■ **Work required**
Work through the listing below and give again exactly the lines from the one with "Round Gemstone Ring" to the one with "Extração de dente", both ends included. All other lines and all pictures stay out.

■ **Data to examine**
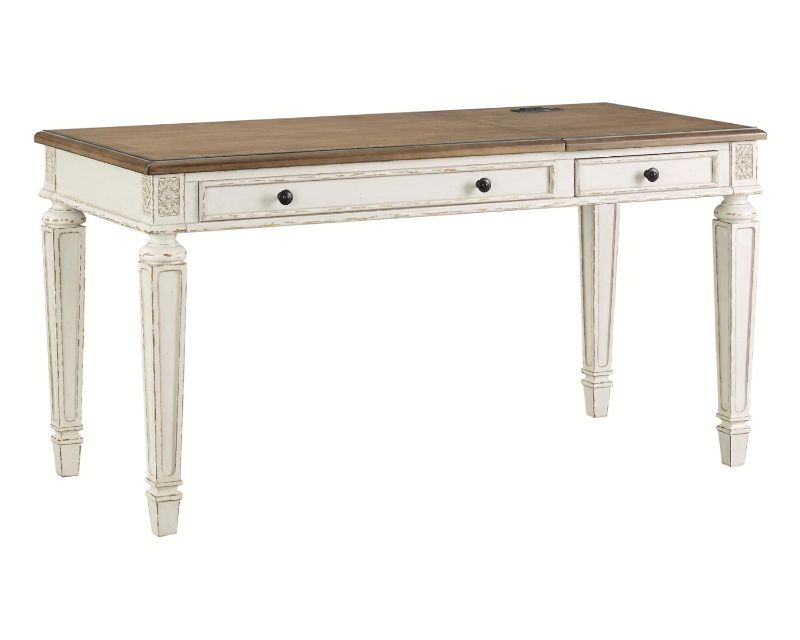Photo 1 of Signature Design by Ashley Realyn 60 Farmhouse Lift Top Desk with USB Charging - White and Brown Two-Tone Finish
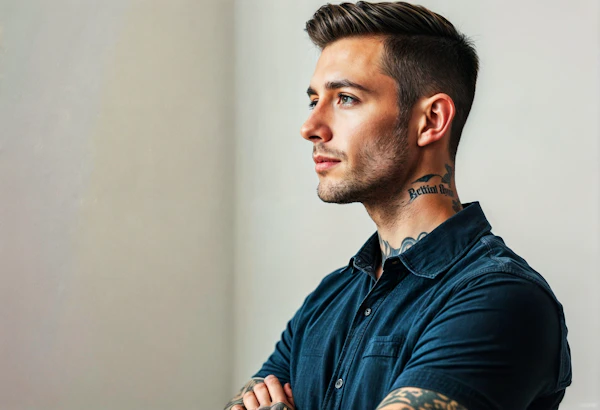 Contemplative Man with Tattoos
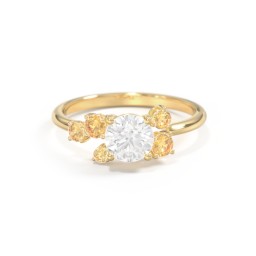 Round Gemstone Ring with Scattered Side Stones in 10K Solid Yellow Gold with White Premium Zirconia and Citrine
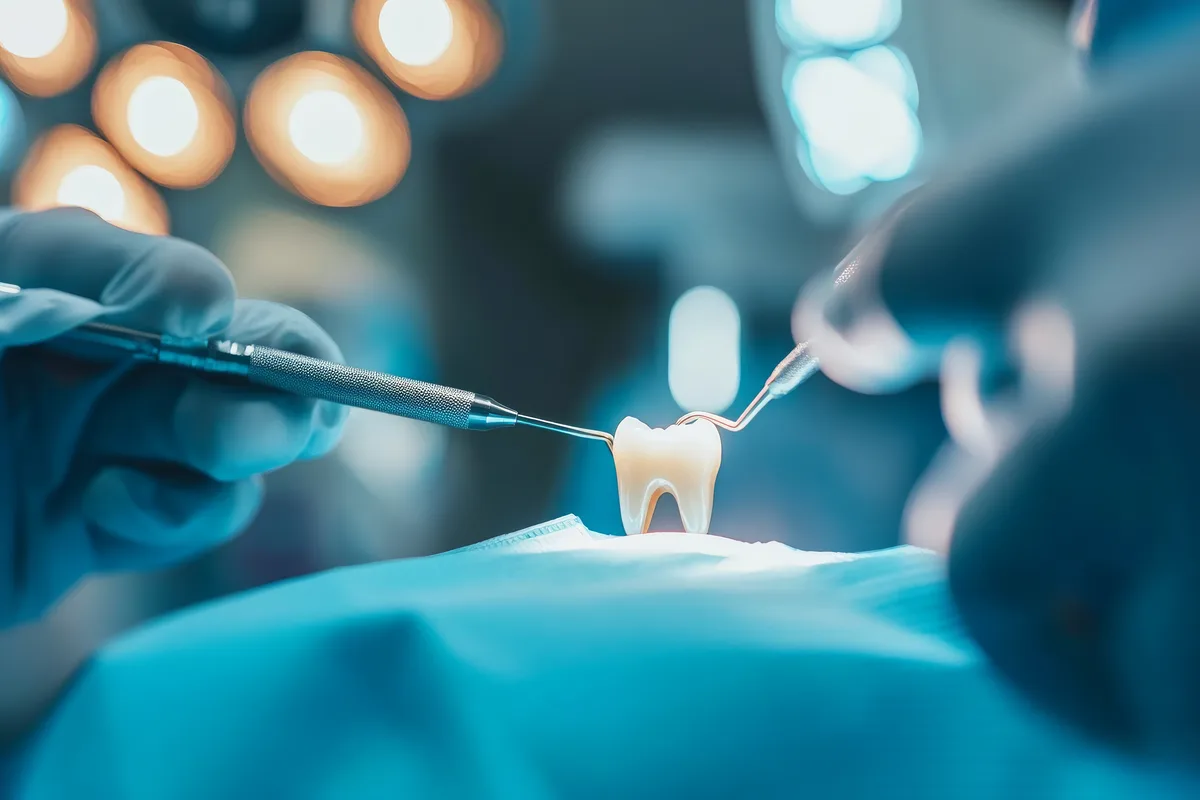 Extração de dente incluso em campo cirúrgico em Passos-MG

* * *

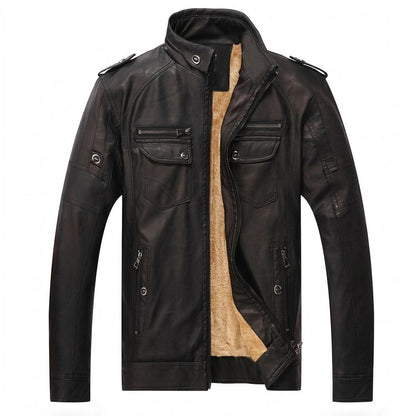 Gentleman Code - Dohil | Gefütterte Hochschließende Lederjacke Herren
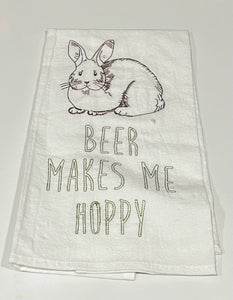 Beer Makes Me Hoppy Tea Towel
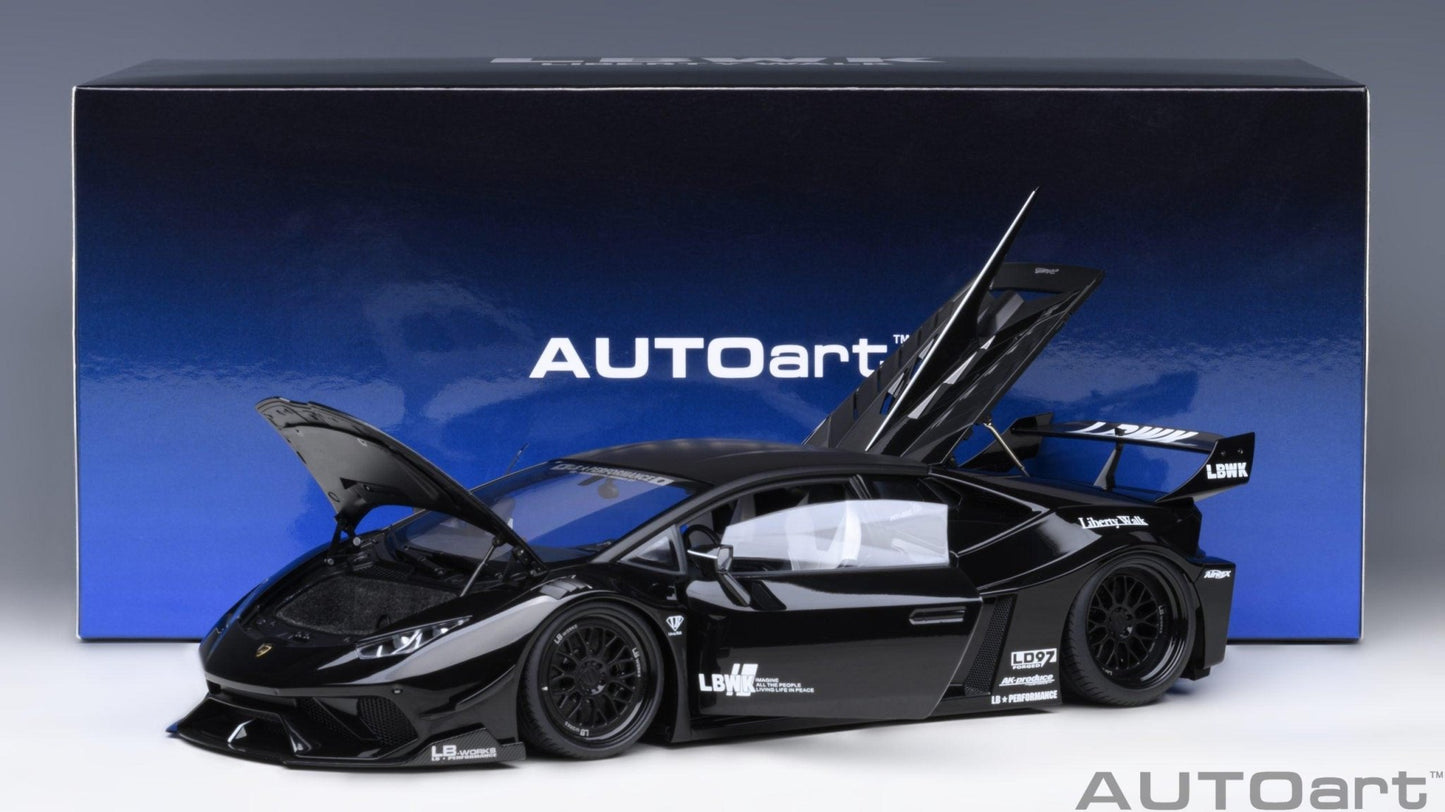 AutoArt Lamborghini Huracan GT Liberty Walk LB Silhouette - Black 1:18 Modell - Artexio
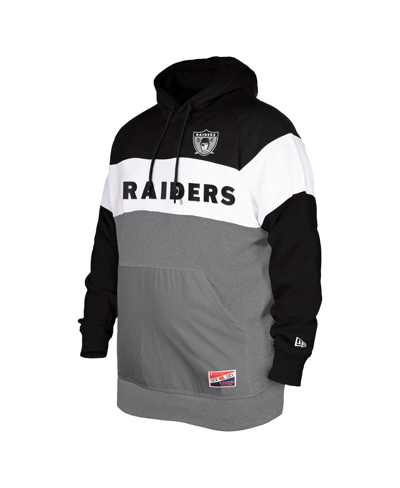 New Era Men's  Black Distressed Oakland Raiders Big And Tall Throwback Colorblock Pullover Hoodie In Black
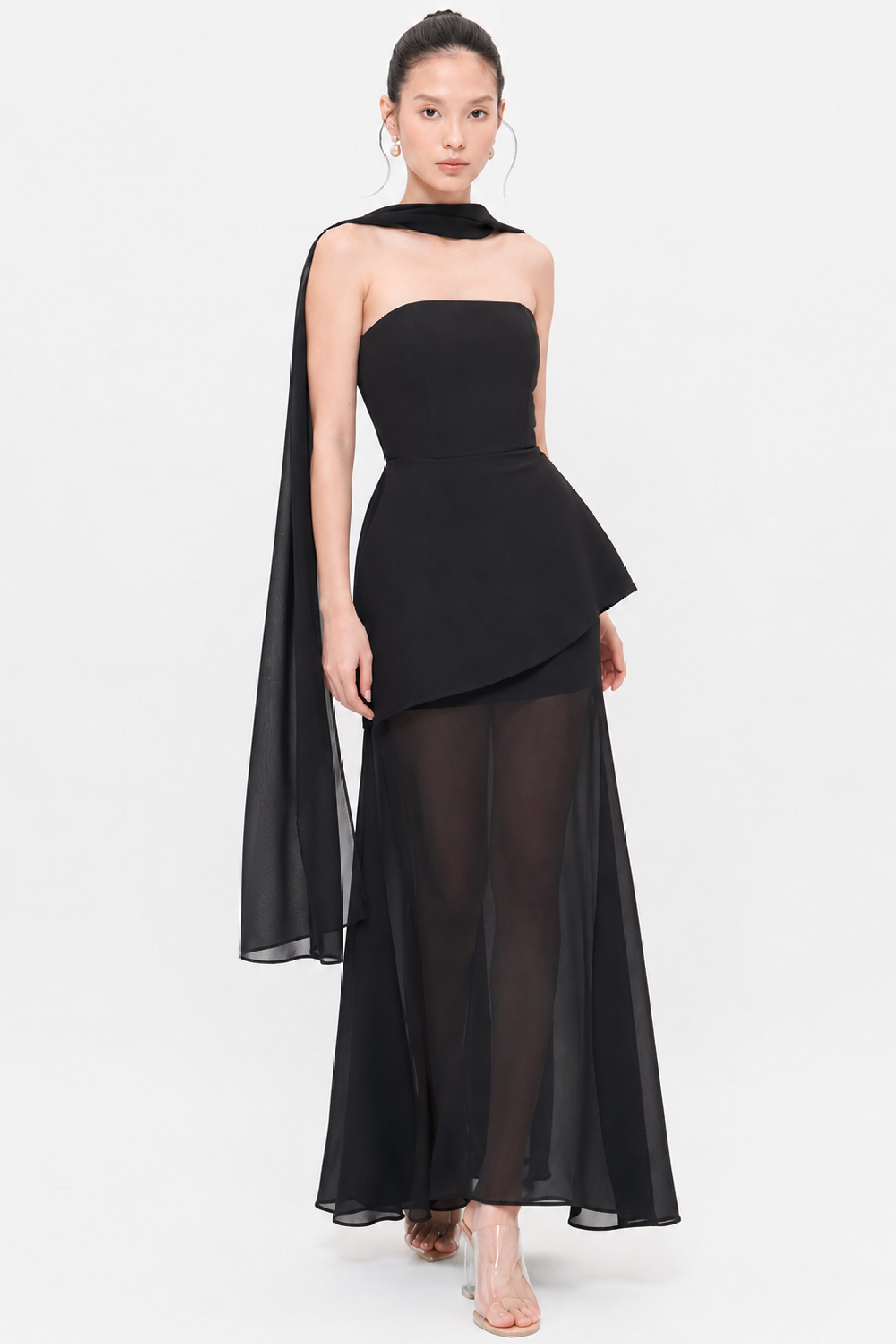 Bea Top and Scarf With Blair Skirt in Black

■ **Result for this exercise**
 Round Gemstone Ring with Scattered Side Stones in 10K Solid Yellow Gold with White Premium Zirconia and Citrine
 Extração de dente incluso em campo cirúrgico em Passos-MG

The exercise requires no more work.